The first practical step to take is to “cat proof” your home. Like “baby proofing”, this means you need to be aware of fragile and delicate things that kitty may knock over either intentionally or though idle curiosity. Tall vases, delicate lamps, crystal – all need to be arranged and displayed in such a way that the cat is less likely to knock them over. Don’t assume that items placed up high are not accessible, cats are notorious for getting up in high places that you would never expect them to reach. Often a cat will not be trying to damage things like this, rather they do it accidentally when they are just poking about, investigating the room, or maybe when they are chasing something.

Provide your cat with accepted toys. Cat toys don’t have to be expensive or complicated. Many cats will be entertained for hours with things as simple as a paper grocery bag and a short piece of string. I’ve had kittens that will chase a wadded up piece of paper around the floor for hours – it doesn’t get any cheaper than that. By providing toys that the cat knows are ok to play with, you minimize the chances of the cat picking things to play with that you’d rather not have him chewing on.

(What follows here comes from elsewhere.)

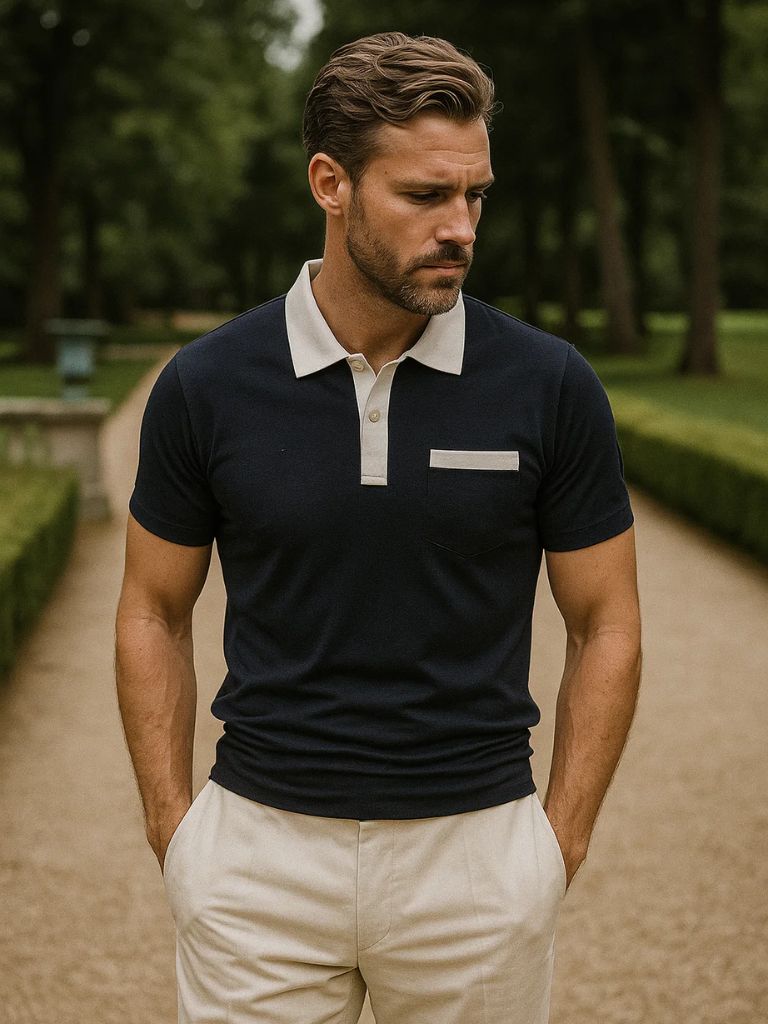 FRANK™ | Polo med kontrastkrave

Blocking off rooms and parts of the house as “off limit” areas can be another way of preventing kitty from tearing things up. This can be hard to accomplish, as many cats love to skitter between your legs and sneak themselves in to places they know they aren’t allowed. My cat now isn’t allowed in the garage, which of course has turned in to the only part of the house that she wants to be in.

Assuming your cat has claws, it is vitally important to train him or her not to use them to shred everything in sight. This is often easier said than done. Be sure to regularly trim your cats claws. This MUST be done with a proper pair of cat claw clippers, not human nail clippers. Mistakes in trimming claws can be very painful, be careful and research the proper procedure before attempting this. You must also provide your cat with something they can use to scratch. Commercial scratching posts are easily available, although often not cheap. Homemade posts can be made easily with some wood and a few scraps of old carpet. Train your cat early on that scratching on the furniture is a definite no-no, but that the provided post is ok. Cats are smart enough to know the difference if they are given proper training.

Obviously there is much more that goes in to training a cat that can’t be included here. But with proper precautions and care, it is possible to keep your cat from making your house look like it was overrun by a Division of Tanks. Give your cat toys to focus on, provide scratching posts and be sure to train them on proper behavior and you should save yourself and belongings from kitty destruction. Good luck!